First-Order Logic with Isomorphism

[Dimitris Tsementzis]

Hi all,

I have just posted (https://arxiv.org/abs/1603.03092) a major update of a paper extending Makkai’s FOLDS to a system which has natural semantics in the Univalent Foundations, 

I now call the system in the paper “First-Order Logic with Isomorphism” (FOLiso). FOLiso takes the point of view that a signature for a theory in UF should be a collection of dependently-typed data with specified (possibly infinite) h-level and with some of the data (possibly) dependent on the identity types or transports of previously-defined data.

To formalize this idea the signatures of FOLiso are defined as inverse categories with extra structure in the form of a number for each object corresponding to its h-level and three specified types of objects: “isomorphism sorts”, “reflexivity predicates” and “transport structure”. The signatures of FOLiso can then be used to express theories that involve conditions on identity types (e.g. univalent categories) or even conditions on transported terms (e.g. split type categories) etc.

On top of this syntax I define a deductive system Diso that handles propositions defined over FOLiso-singatures.

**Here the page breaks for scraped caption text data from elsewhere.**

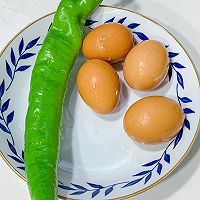 青椒炒鸡蛋的做法图解1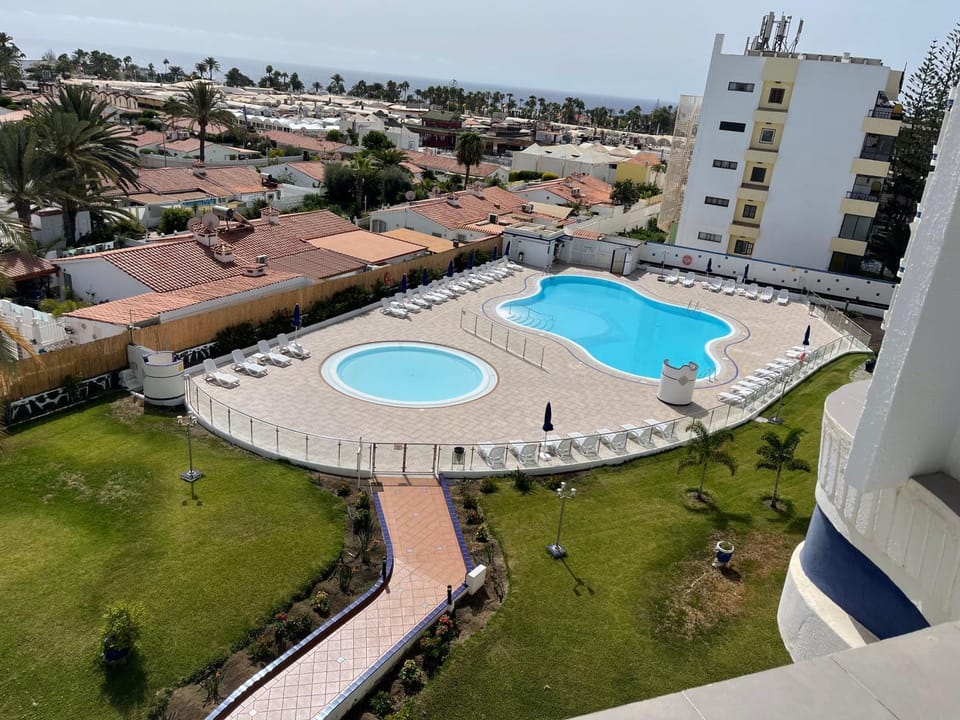 View (from property/room), Pool view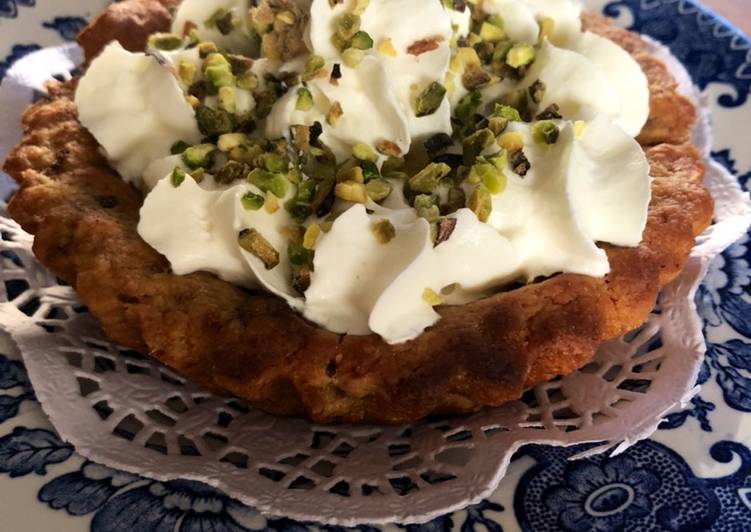 Crostatine di pandoro con zabaione e Panna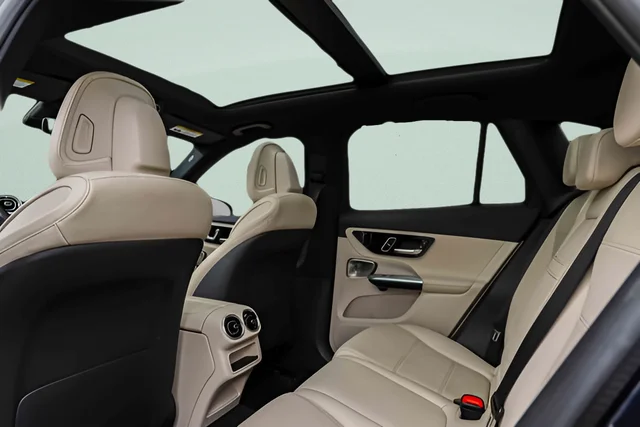 Used 2023 Blue Mercedes-Benz GLC 300 image 21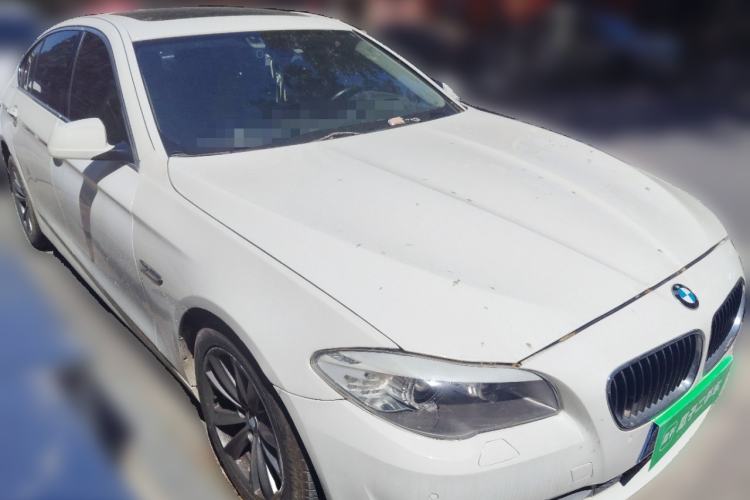 Used BMW 5 Series 2013 520Li Elegant Edition Front Right 45 Deg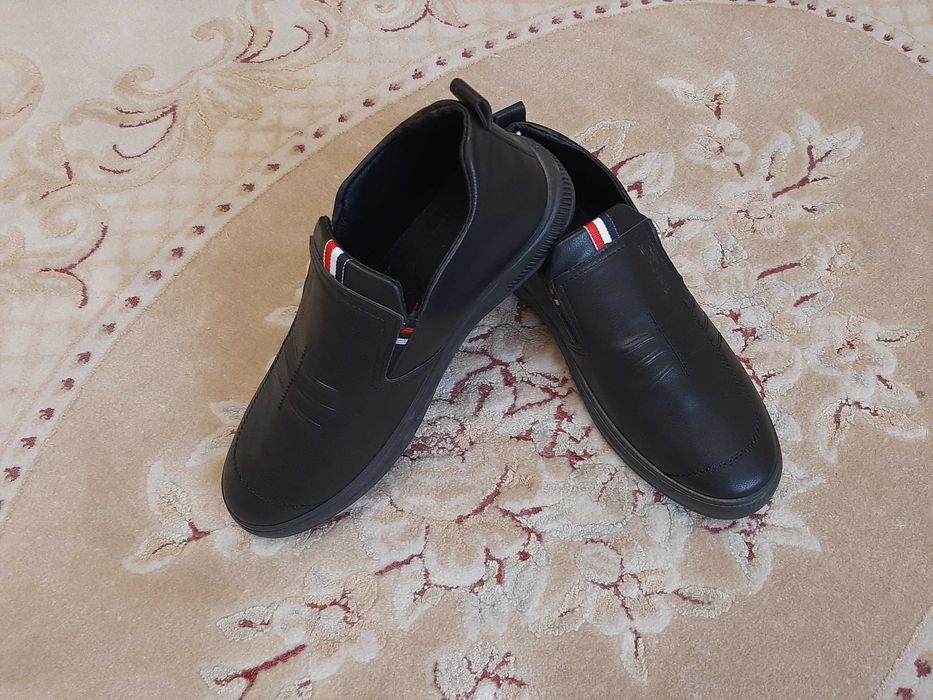 Туфлi кожанi 42р.(устiлка-26,5м) м.Киiв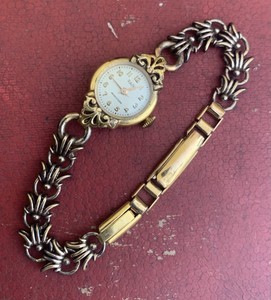 ANCIENNE MONTRE FEMME PLAQUE OR MARQUE ZAND ANNEES 40/50 mécanique FONCTIONNE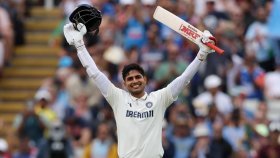 গিলের রেকর্ড ছোঁয়ার দিনে ভারতের দাপট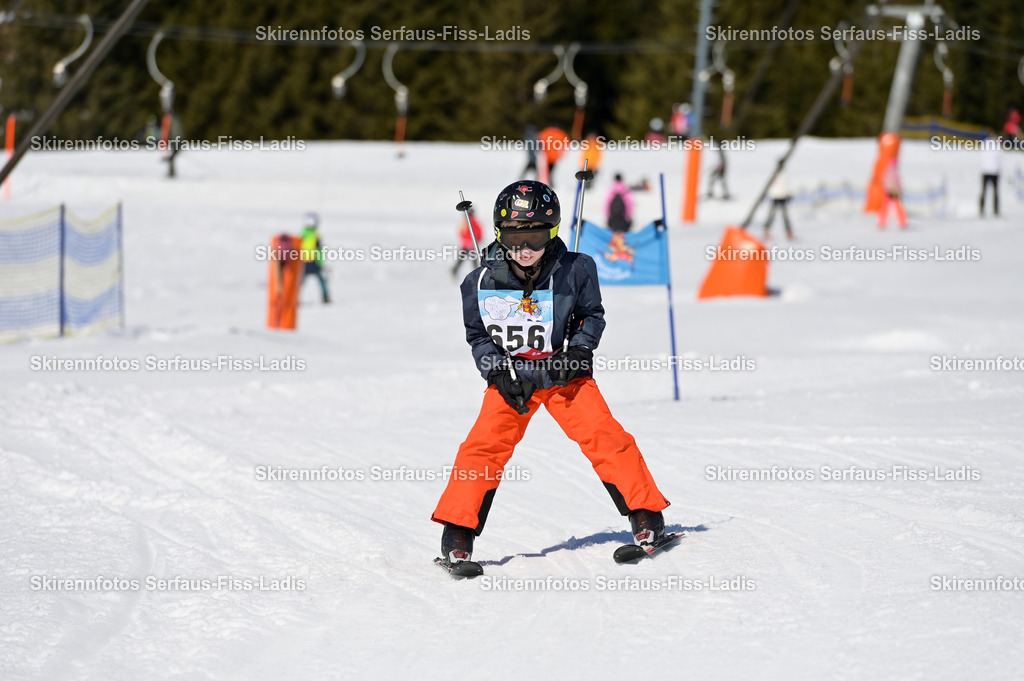 SRF_27.02.2026_770 | Skirennfotos,Serfaus,Fiss,Ladis,Kinderskirennen,Winter,Tirol,Oberland,skirace,SFL,feelfree,weil wir's genießen,ski,Ski,skifahren,Sonnenplateau, - Realisiert mit Pictrs.com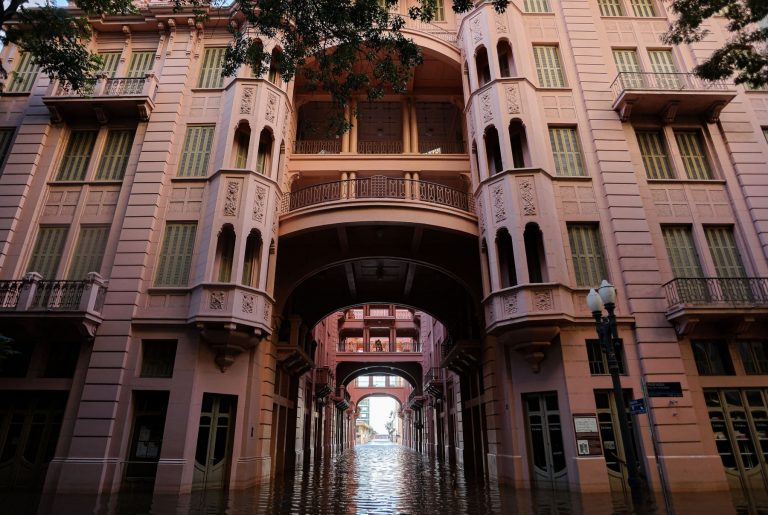 A Casa de Cultura Mario Quintana inundada pelas águas do Guaíba: artistas, músicos, atores, produtores culturais e técnicos do setor com trabalho e renda comprometidos (Foto: Maxi Franzoi / AGIF / via AFP - 17/05/2024)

Diso is basically a sequent calculus for first-order logic together with (i) axioms expressing that there are always trivial isomorphisms such that transporting along them is the identity and (ii) a “first-order J-rule” for isomorphism sorts. 

The semantics of FOLiso are defined through a direct interpretation of the syntax of FOLiso into the syntax of HoTT understood as MLTT+Pi,Sigma,Id,1,0,+,a univalent U and propositional truncation, with “isomorphism sorts” interpreted as identity types and “transport structure” interpreted as (a relational version of) transport. Soundness of Diso with respect to these semantics is then proven. 

Although I give FOLiso a specific semantics in the paper, FOLiso is meant to be “elementary” in the sense that it can be defined independently of any univalent type theory and so can be expected to have a semantics in any formal system for the Univalent Foundations or in the categorical semantics of any such formal system. I believe it is important to have such an “elementary” system independent of any specific formal system for UF as it allows one to state general facts and come up with general constraints for UF-specific theories (e.g. univalent categories) that one can expect to be able to translate to any formal system for UF. 

In other words, FOLiso is a proposed “core logic” for UF. One can then use it to e.g. define a “logic enriched homotopy type theory” or one can internalize it (e.g. in two-level type theory) etc.

Best,

Dimitris